This morning we had a story in the paper by Lynn Bonner about Senate Majority Leader Phil Berger's plan to overhaul K-12 education. It occured to me that many folks might wonder why a state senator is involved in figuring out how to make sure kids are reading at grade level, and whether they should get promoted or, as we used to say, left back.
The fact is that public education has many masters, from the state legislature, to the State Board of Education and the state superintendent of public instruction. Don't forget the federal Department of Education, which sees the instruction of youngsters as crucial to our global economic and military competitiveness, and thus sees local education as a matter for Washington. Somewhere in there are the local school boards and superindentents. These are the folks that most citizens at the local level hold accountable for the performance of their kids' schools, but as you can see, it's not that simple.
The General Assembly got very involved in setting education policy during the Great Depression, when many localities were flat broke and unable to pay for decent schools. Today, the state pays for 60 percent of education spending. Public school spending makes up 40 percent of the state budget. So according to the Golden Rule ("He who has the gold, makes the rules"), the legislature feels entitled to get deep into how schools are run because it sends $7.4 billion to the districts annually. So you had the legislature last year getting into how many teacher assistants schools should have.

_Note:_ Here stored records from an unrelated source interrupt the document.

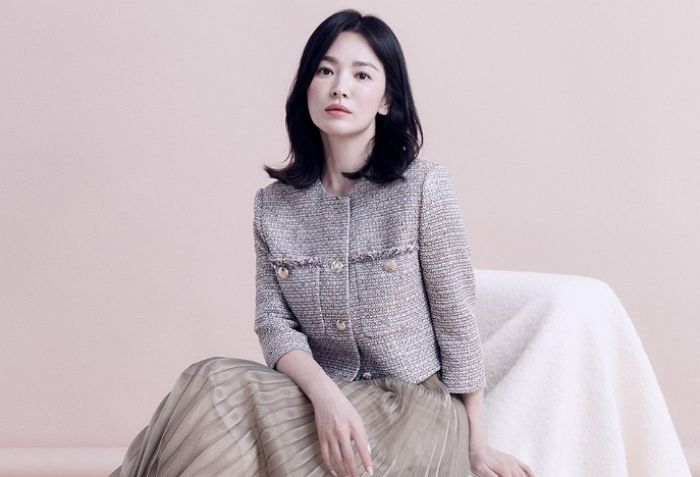 ‘더 글로리’ 올블랙 착장 벗고 리즈 비주얼 경신한 송혜교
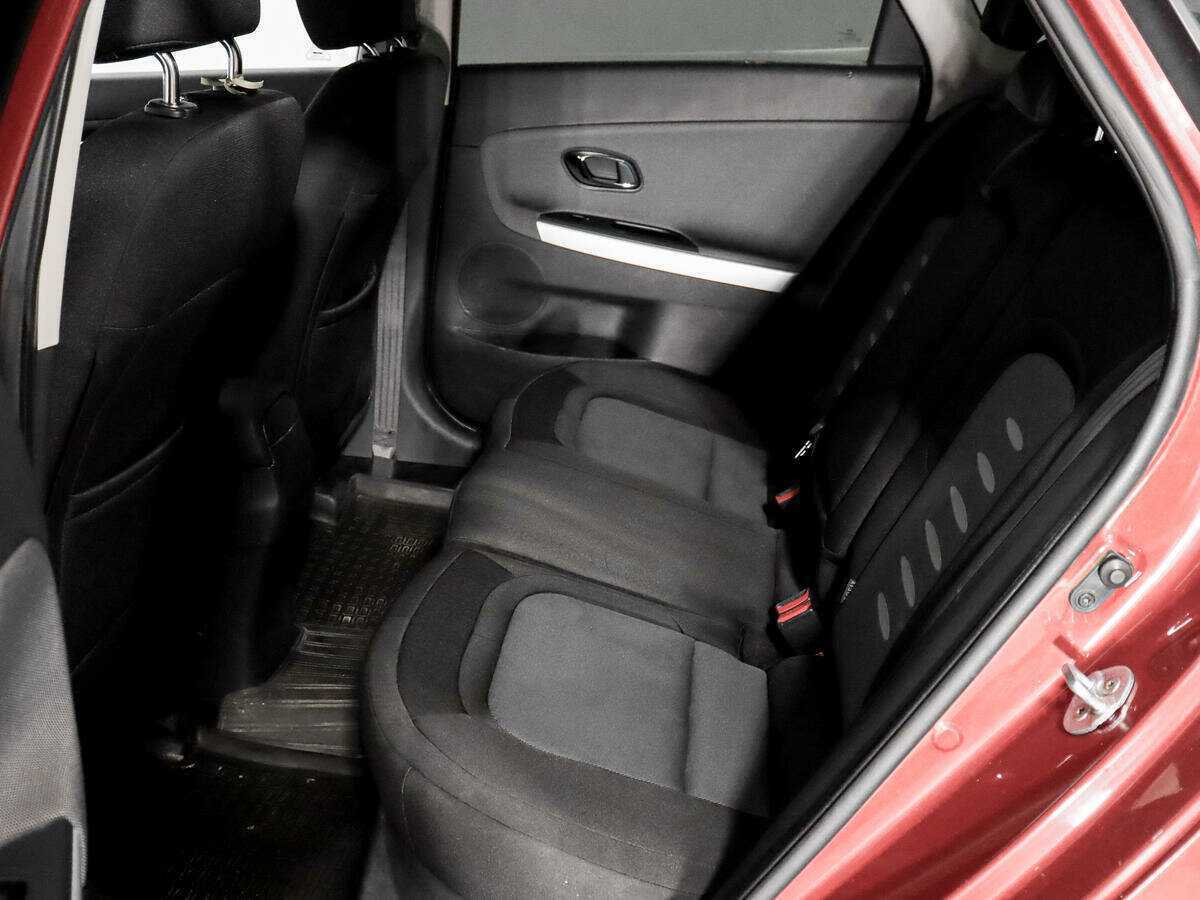 Kia Ceed с пробегом — 2014 год. Фото: #9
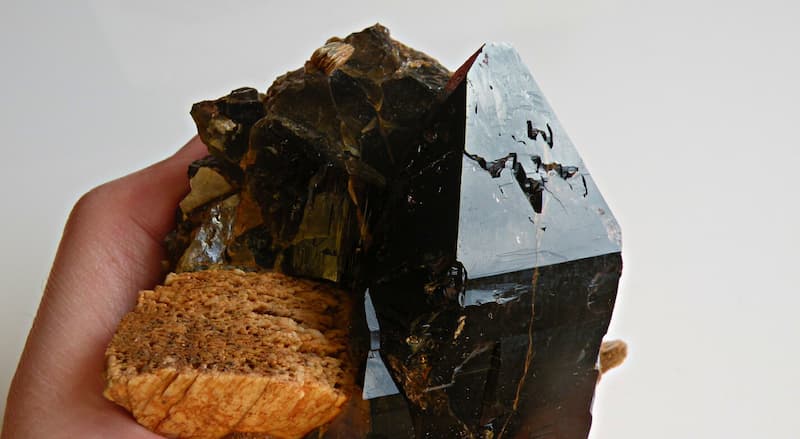 Đá thạch anh đen có tác dụng gì mà được nhiều người tìm mua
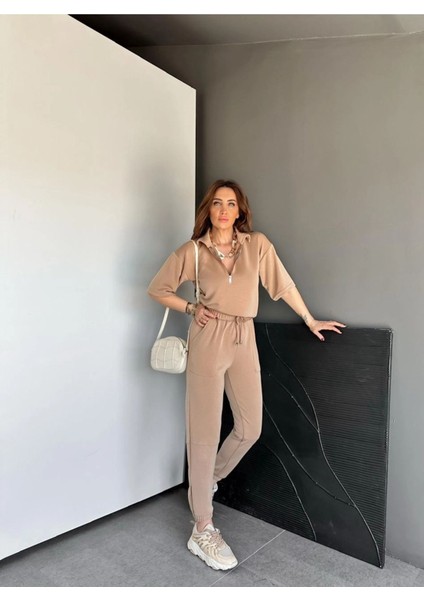 Gri Yaka ve Paçası Fermuarlı Takım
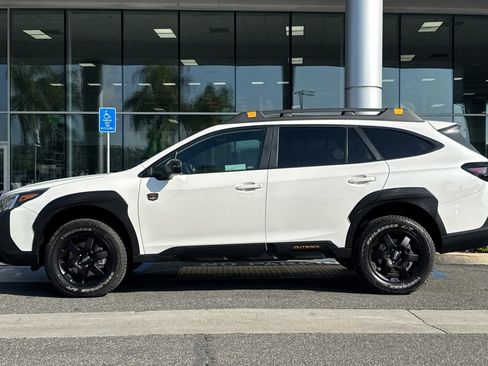 Used 2025 Subaru Outback Wilderness image 9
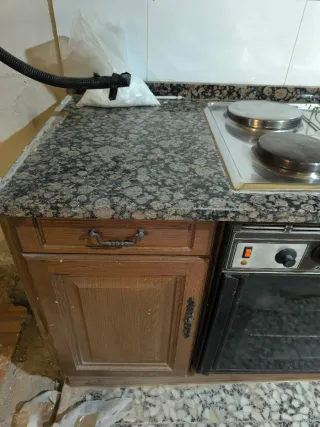 Cocina completa con encimera.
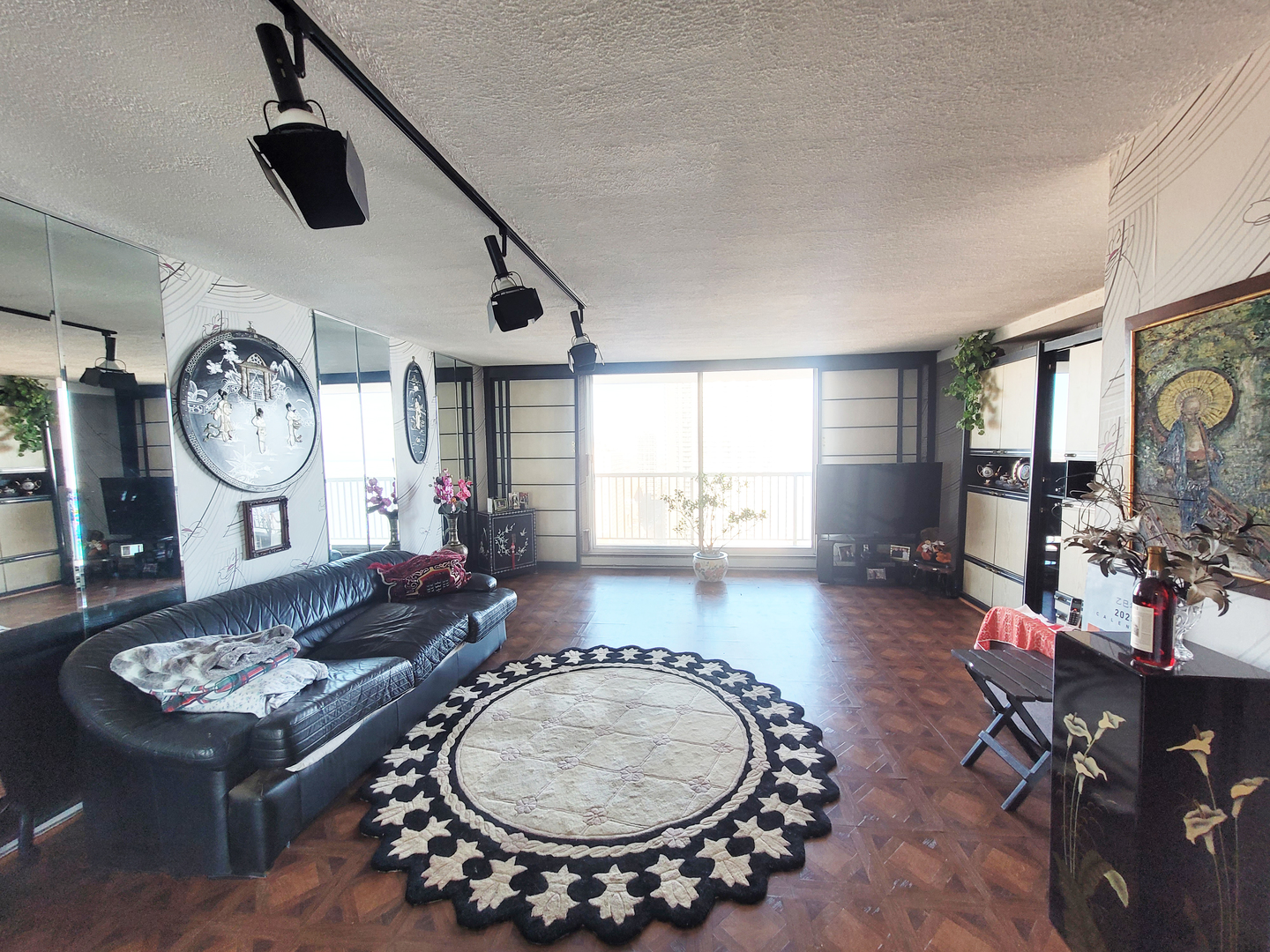 5855 North Sheridan Road, Unit 23H Chicago, IL 60660 - Photo 4 of 15 Gallery Image 4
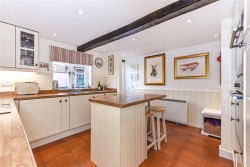 The Country House Company, property for Sale Hambledon, Nr Petersfield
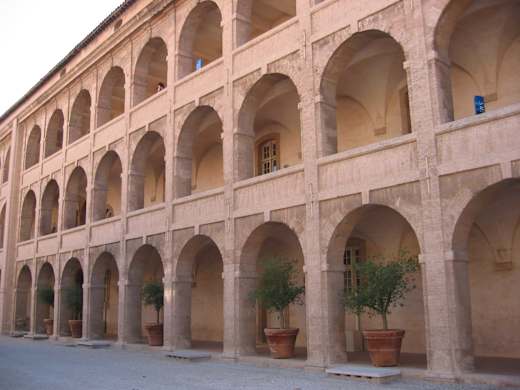 La cour intérieur de l'hospice de La Vieille Charité qui abrite le Musée de la Vieille Charité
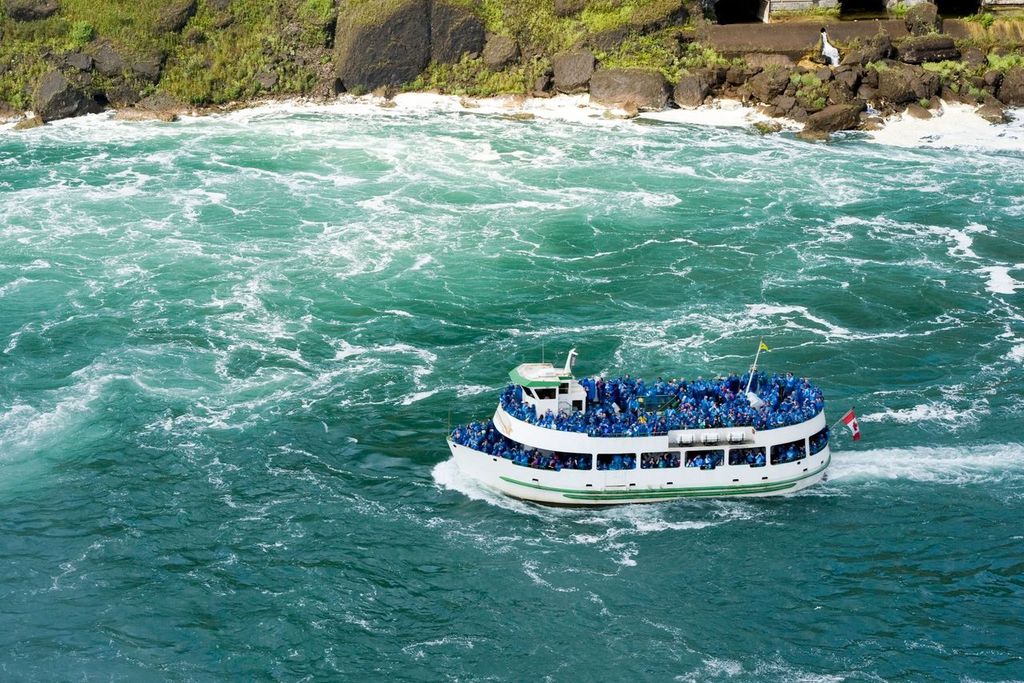 The Maid of the Mist tour boat headed towards Niagara Falls
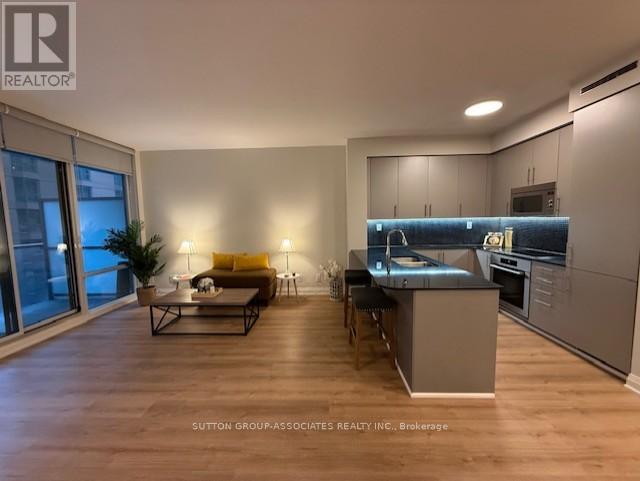 402 - 1 Bedford Road, Toronto, Ontario  M5R 2B5 - Photo 11 - C12732272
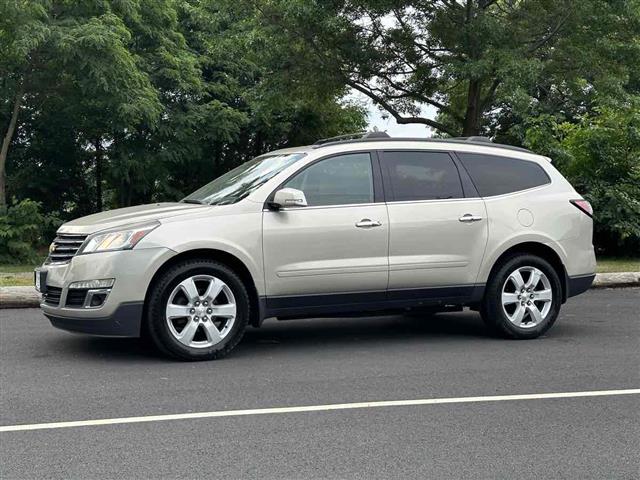 2016 Traverse LT image 5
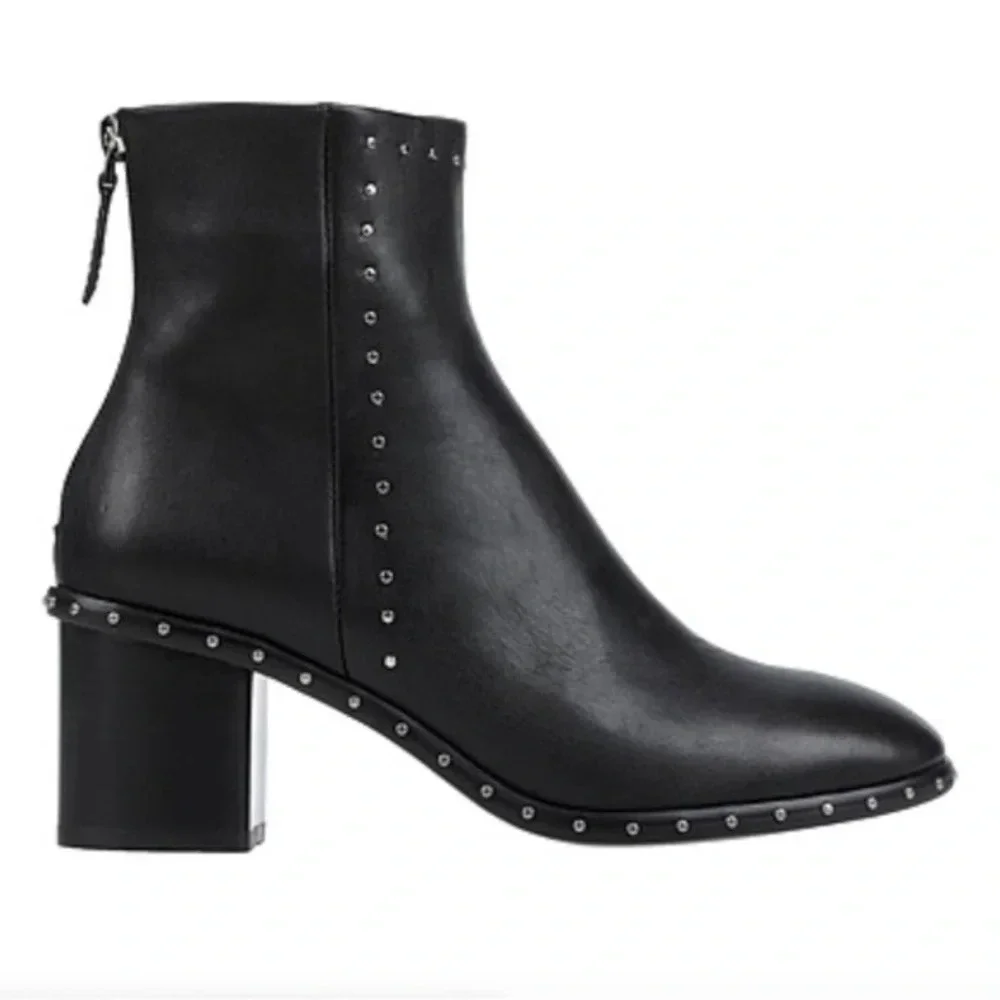 Lola Cruz Womens Black Studded Ankle Boots EUR 39 Us 9 NWB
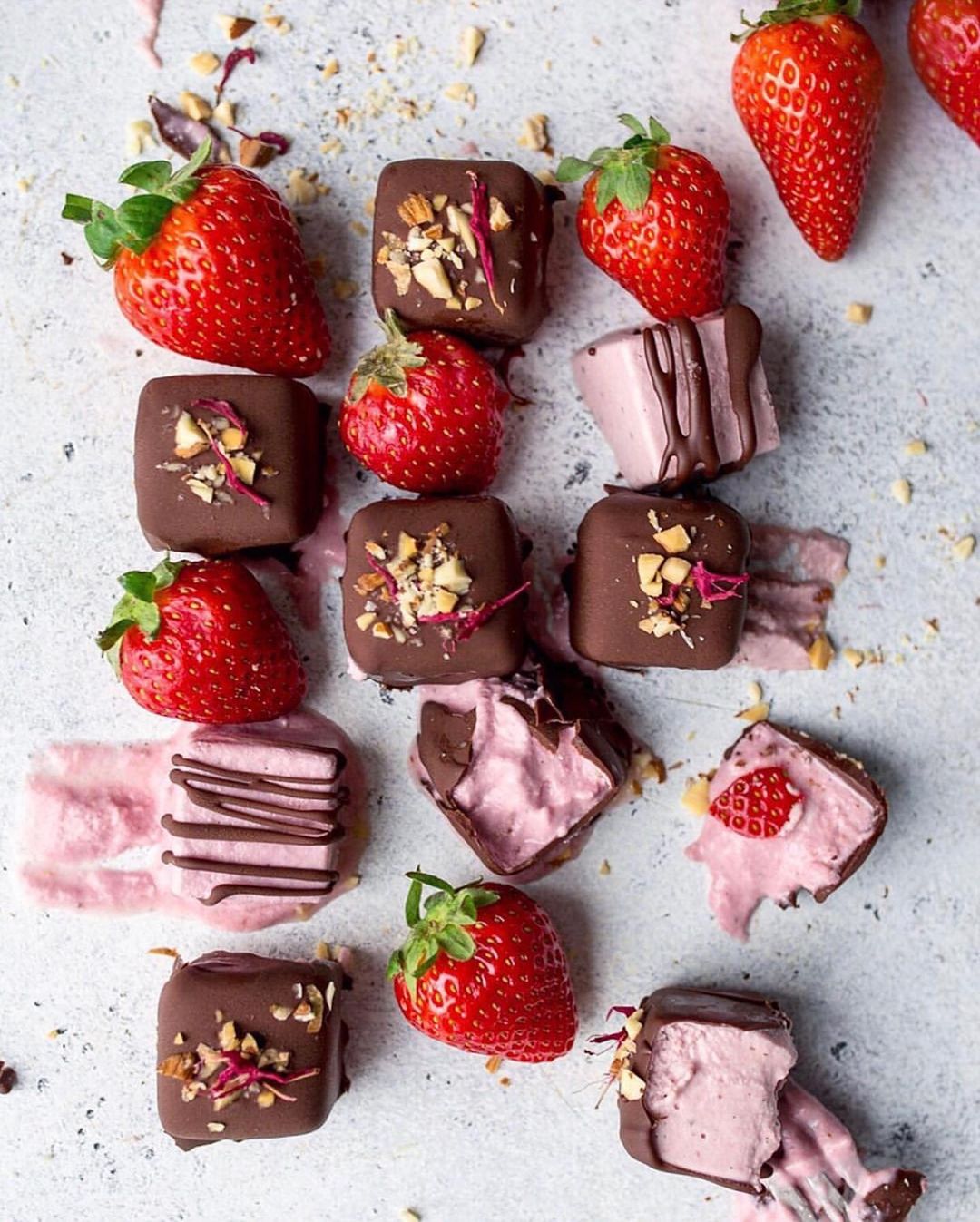 Vegan Strawberry Icecream Cubes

There are some who believe that K-12 education would be better off if all decisions were made at the local level, along with the mechanisms for funding them. Every school district would be free to experiment with their own curricula. They could test or not test, decide how many days kids should be in school, and set their own requirements for teacher credentials. Heck, they could decide whether or not they wanted to have public schools, or just let the private sector provide.
To do that, there would have to be a fundamental shift in public finance. The states would have to give back a big chunk of their taxing power - i.e., the income tax and sales tax - because the locals would need more than property taxes to pick up the slack.
It sure would be interesting. A certain amount of the current system involves sending tax dollars to Raleigh and Washington where bureaucrats and politicians then redistribute them back down to the counties without, it could be argued, adding a significant amount of value in the process, but certainly adding a lot of rules and regulations about how the classroom teacher should teach.
It is entirely understandable that Phil Berger feels an obligation to get deeply involved in how the classrooms should operate and casts a skeptical eye on the way education has been run so far, because, for now, he and his colleagues in the legislature are having to pick up most of the tab. Maybe it would be a good idea to revisit this 80-year-old system, but until that happens, you're going to have the legislature as a super school board.